If you have invested or are planning to invest in market-linked schemes, make sure that you have a long-term investment horizon. That is because investment avenues like mutual funds, stocks or even for that matter Unit Linked Insurance Plans (ULIP) are said to give the best results for those who remain invested for the long run. ULIPs as the name suggests, are insurance schemes that invest in the stock market. They can be a good investment choice for those who are looking for a scheme that offers dual benefits. A ULIP offers insurance to investors and also gives them an opportunity to invest in the equity markets through mutual funds.
You can say these schemes are designed for investors who have a long term investment horizon because ULIPs come with a 5 year predetermined lock-in period. However, if you are someone who has invested in a ULIP or are considering making an investment in this dual benefit offering investment linked scheme, there is a good chance of you benefiting even more if you take the decision of remaining invested even after the 5 year lock-in period ends.
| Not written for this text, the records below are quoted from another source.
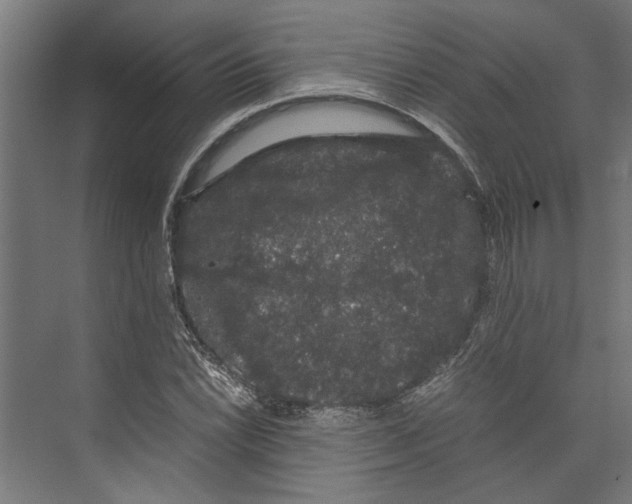 X0000071901022200608041337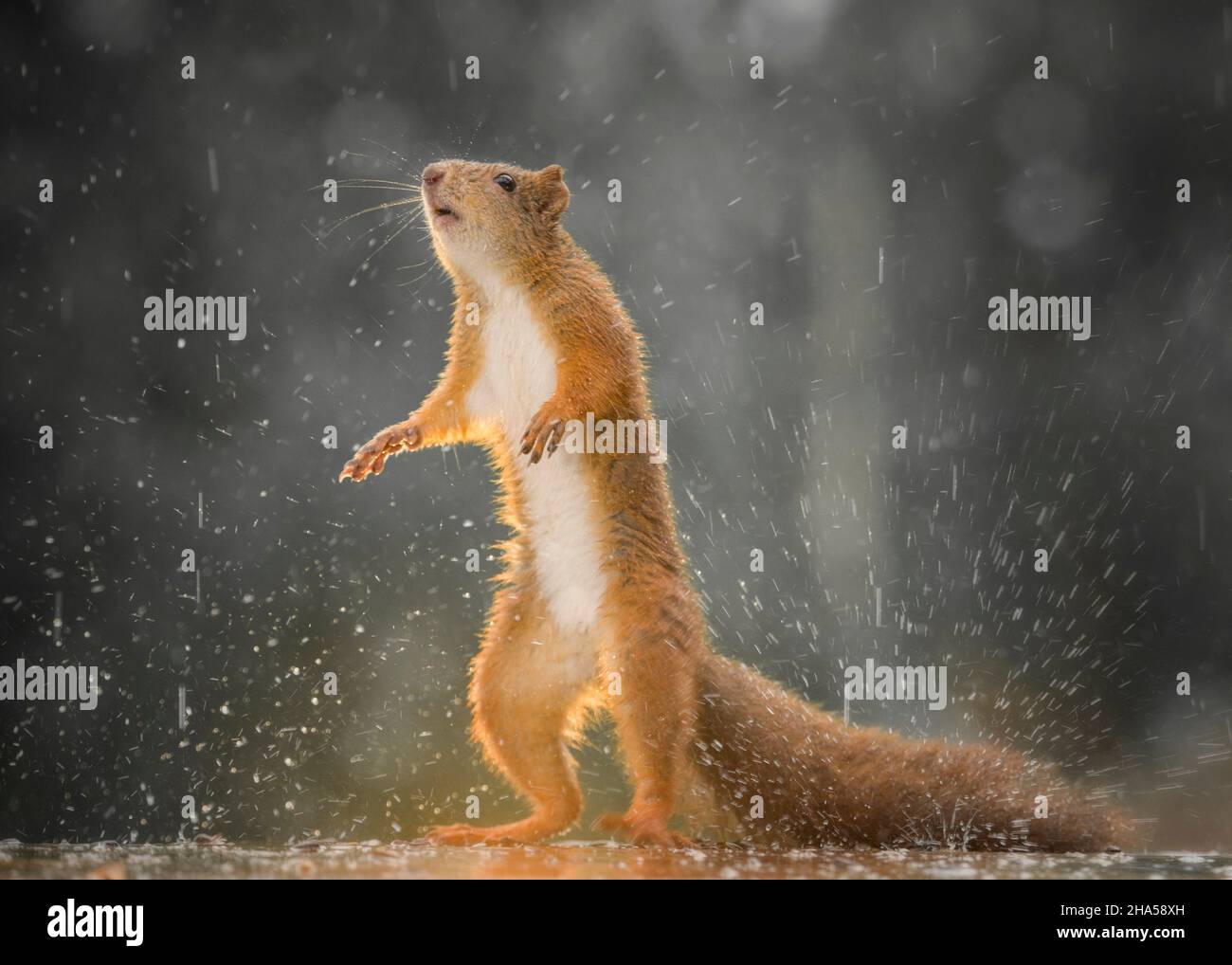 Wet scoiattolo rosso in piedi sotto la pioggia Foto Stock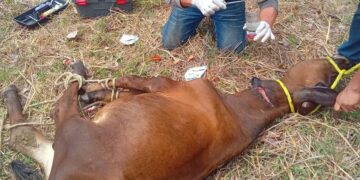 Ganaderos enfrentan una plaga devastadora sin apoyo suficiente de las autoridades; el sistema de salud y sanidad animal colapsa ante la emergencia.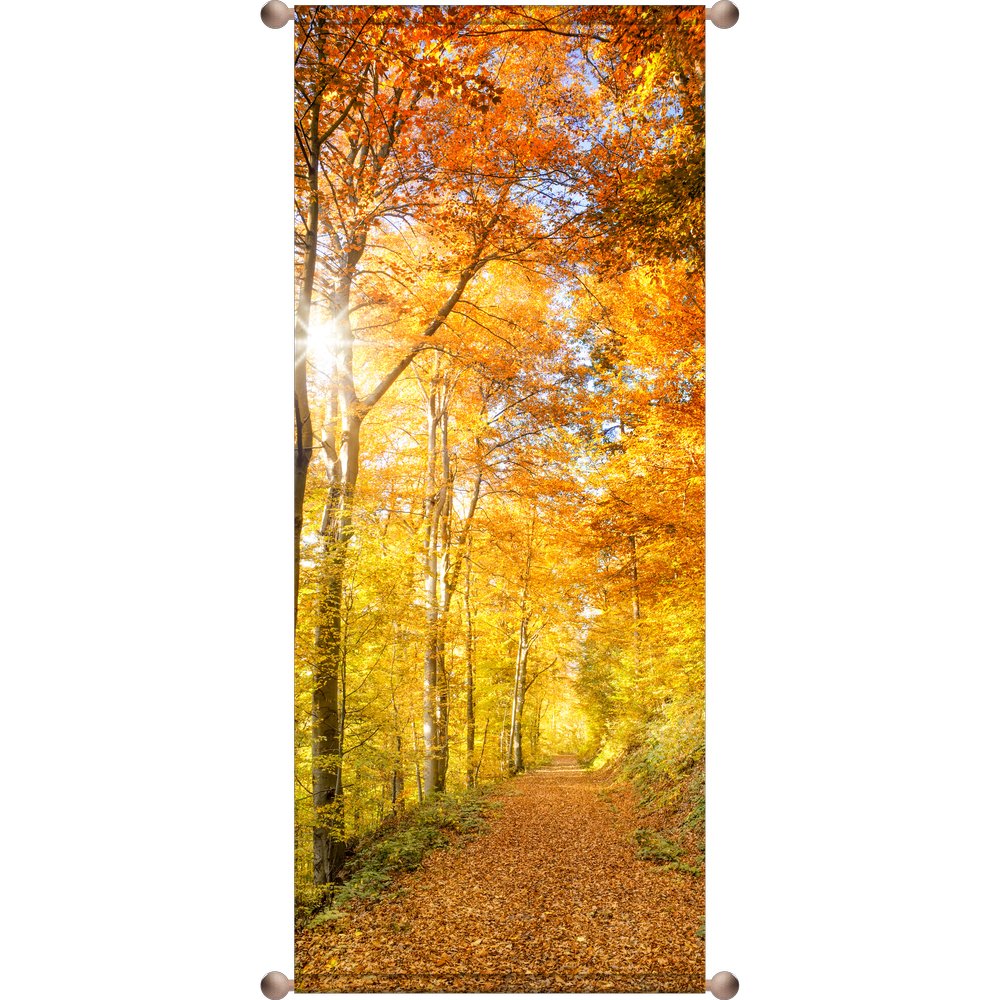 Banner Herbstwald, 75 x 180 cm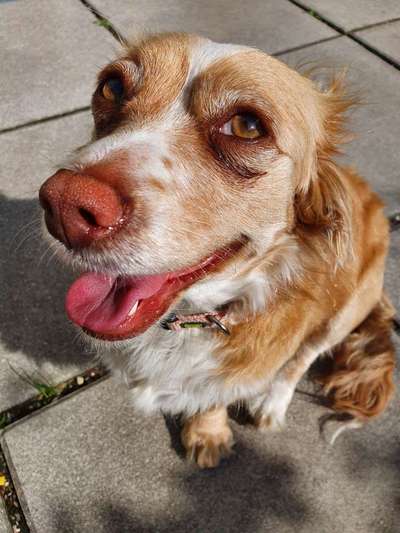 Fotochallange 84-Beitrag-Bild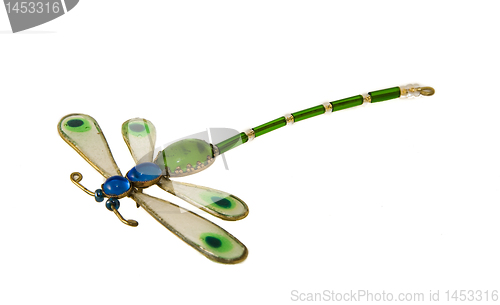 Image of Dragonfly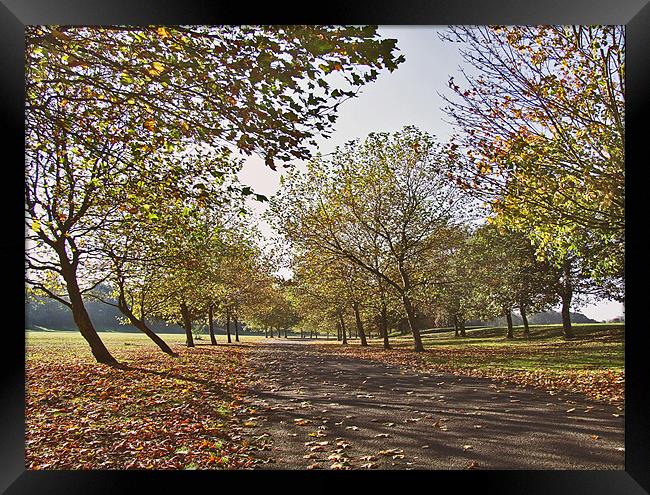 Autumn in the Park Framed Print by philip clarke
Investors should try to remain invested in their ULIP plans for at least ten years. Although you can redeem your gains whenever you want, the longer you remain invested the more chances you have of achieving higher,long-term capital gains. The ULIP performance heavily depends on the performance of its underlying assets. ULIPs in equity in mutual funds that invest in equity related instruments and debt related instruments. The performance of such mutual funds is highly dependent on market movements. It is said that if you want to beat the market’s volatile nature, it is best that you remain invested for the long run. Market volatility can affect the performance of short term investments, but it might be able to hurt long term investments that much. Long term investments are also known for being strong enough to beat the inflation monster as well.
If you have some monetary urgency and think that you may not be able to hold on to your ULIPs for more than five years, it’s alright. However, do not surrender the ULIP before its lock-in period. Investors are offered a certain surrender value which is mentioned in the offer document, which you receive after completion of the lock-in period. However, if you surrender your ULIP before the lock-in period, there will be repercussions. You will not be able to enjoy the benefits which you are entitled to and hence, it is better that you remain invested in your respective ULIP schemes till the mandatory lock-in which is 5 years.
Apart from the fact that you will lose several post lock-in benefits. There are certain ULIP charges that will be levied on those who surrender their ULIPs prematurely. There are Discontinuation Charges levied by the insurance company you buy the ULIP from. These charges are subtracted from your accumulated sum. Post this, the remaining accumulated corpus is transferred to the Discontinuation Policy fund. Here, an additional 0.5 percent charge is levied on the DP fund corpus. These are fund management charges and are applicable to everyone whose accumulated corpus lies in the DP fund. The accumulated corpus then continues to attract interest of 4 percent till the lock-in period is over. Isn’t staying invested for 5 years a better idea than going through all this.
Also, if you feel that you may not have the patience for such a long commitment, reconsider before investing in a ULIP.